*Goal of the exercise:*
Nothing but the lines from the one holding "空间叛乱小游戏怎么玩?" through the last line of the material below should be set down, exactly and without images.

*Dataset content:*

◆ ◆ ◆

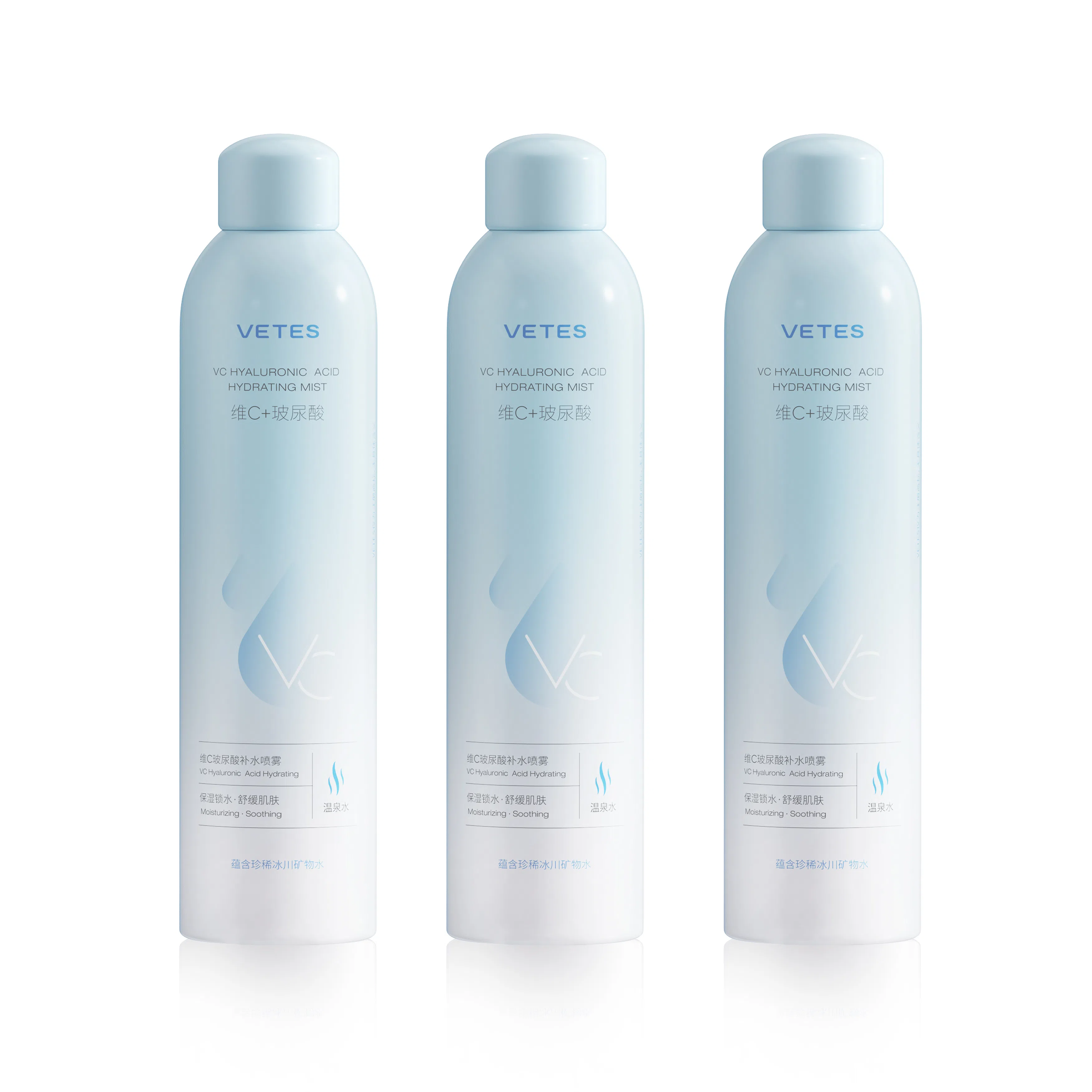 C 300ml*1
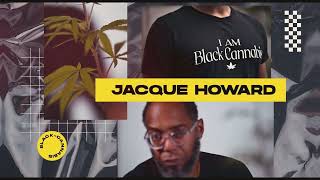 We are Black Cannabis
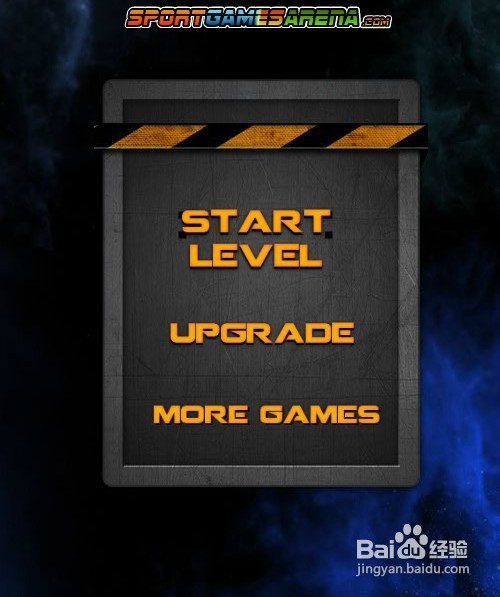 空间叛乱小游戏怎么玩?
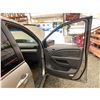 Image 37 : PARKSVILLE - 2005 HONDA ODYSSEY SILVER 361709 KMS - 510954-3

◆ ◆ ◆

*Output:*
 空间叛乱小游戏怎么玩?
 Image 37 : PARKSVILLE - 2005 HONDA ODYSSEY SILVER 361709 KMS - 510954-3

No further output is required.